Look, I have found that if you don't pay attention to washing labels, over the years your clothes will shrink around the midriff area.


----------



## Wayne Mack (Jul 11, 2022)

Astro Pen said:


> Look, I have found that if you don't pay attention to washing labels, over the years your clothes will shrink around the midriff area.

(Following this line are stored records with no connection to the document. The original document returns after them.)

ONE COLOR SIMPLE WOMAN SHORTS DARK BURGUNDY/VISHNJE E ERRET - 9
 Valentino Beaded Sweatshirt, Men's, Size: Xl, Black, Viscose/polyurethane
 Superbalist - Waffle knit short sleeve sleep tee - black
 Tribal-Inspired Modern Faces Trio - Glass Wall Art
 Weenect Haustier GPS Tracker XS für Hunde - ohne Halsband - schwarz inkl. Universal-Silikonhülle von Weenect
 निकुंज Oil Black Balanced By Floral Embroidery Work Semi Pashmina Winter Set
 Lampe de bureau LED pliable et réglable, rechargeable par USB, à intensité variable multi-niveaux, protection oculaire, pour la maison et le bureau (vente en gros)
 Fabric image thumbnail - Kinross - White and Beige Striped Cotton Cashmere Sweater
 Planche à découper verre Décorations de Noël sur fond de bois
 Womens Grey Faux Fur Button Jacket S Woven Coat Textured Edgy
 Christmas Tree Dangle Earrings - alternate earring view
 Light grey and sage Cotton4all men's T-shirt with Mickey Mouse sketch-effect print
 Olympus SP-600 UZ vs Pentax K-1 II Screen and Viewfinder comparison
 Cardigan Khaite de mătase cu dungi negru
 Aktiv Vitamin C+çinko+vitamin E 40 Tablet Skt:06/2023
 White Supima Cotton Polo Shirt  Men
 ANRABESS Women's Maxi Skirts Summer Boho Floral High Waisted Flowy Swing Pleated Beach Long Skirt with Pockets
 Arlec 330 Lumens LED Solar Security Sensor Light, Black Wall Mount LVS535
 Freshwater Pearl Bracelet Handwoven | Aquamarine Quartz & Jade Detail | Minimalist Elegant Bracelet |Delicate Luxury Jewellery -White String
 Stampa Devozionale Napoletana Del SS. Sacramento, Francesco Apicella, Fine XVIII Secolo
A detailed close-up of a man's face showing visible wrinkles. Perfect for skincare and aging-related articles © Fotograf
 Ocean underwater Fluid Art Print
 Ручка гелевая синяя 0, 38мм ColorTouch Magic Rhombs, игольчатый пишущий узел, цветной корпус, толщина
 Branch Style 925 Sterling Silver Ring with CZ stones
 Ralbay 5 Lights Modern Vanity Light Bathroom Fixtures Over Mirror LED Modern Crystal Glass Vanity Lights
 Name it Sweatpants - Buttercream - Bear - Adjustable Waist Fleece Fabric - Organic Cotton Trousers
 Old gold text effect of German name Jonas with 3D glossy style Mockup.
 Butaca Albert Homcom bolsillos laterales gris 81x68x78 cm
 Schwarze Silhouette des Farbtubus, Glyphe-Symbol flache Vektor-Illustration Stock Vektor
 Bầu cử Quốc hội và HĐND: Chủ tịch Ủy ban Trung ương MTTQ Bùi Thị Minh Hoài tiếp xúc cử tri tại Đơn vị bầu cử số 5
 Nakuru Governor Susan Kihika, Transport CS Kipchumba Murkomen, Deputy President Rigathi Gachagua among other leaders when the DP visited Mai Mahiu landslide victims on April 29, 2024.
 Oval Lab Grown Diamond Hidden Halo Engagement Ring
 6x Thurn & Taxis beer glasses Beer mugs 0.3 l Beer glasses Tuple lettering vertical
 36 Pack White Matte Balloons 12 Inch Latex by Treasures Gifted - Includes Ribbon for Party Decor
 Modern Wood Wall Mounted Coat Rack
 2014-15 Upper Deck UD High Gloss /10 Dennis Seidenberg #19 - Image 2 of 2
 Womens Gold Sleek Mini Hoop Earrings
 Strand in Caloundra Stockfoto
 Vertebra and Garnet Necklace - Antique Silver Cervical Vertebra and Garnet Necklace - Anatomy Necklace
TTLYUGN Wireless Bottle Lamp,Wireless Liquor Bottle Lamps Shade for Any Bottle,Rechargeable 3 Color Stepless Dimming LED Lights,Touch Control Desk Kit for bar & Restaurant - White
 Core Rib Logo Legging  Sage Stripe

I thought that was due to not paying attention to food labels.


----------



## Bramandin (Jul 11, 2022)

I'm similar to @Foxbat and I even cut those tags out.  I am willing to have some hand-wash stuff, though I wish that mom would get a mangle if she's not willing to get the washer fixed, but just about everything I own can be chucked into the same load.  The exception is new red stuff and things that might put fuzzers over everything else.


----------



## tinkerdan (Jul 12, 2022)

I have problems with labels on my clothing--they itch and chafe--so I remove them right away and that pretty much takes care of the sorting problem when laundering them.


----------



## Jo Zebedee (Jul 12, 2022)

Been doing the wash for a family of four for 20 years (im no martyr - they hang things out, sort them, put them away while I wrote stories, but I do most of the sorting out) - shove everything in at 30 (detergents are very good these days), nothing runs and it all comes out fine. Anything tricksy hand wash or dry clean


----------



## hitmouse (Jul 12, 2022)

Jo Zebedee said:


> Been doing the wash for a family of four for 20 years (im no martyr - they hang things out, sort them, put them away while I wrote stories, but I do most of the sorting out) - shove everything in at 30 (detergents are very good these days), nothing runs and it all comes out fine. Anything tricksy hand wash or dry clean


Yeah, it all says non-fast colours to me.


----------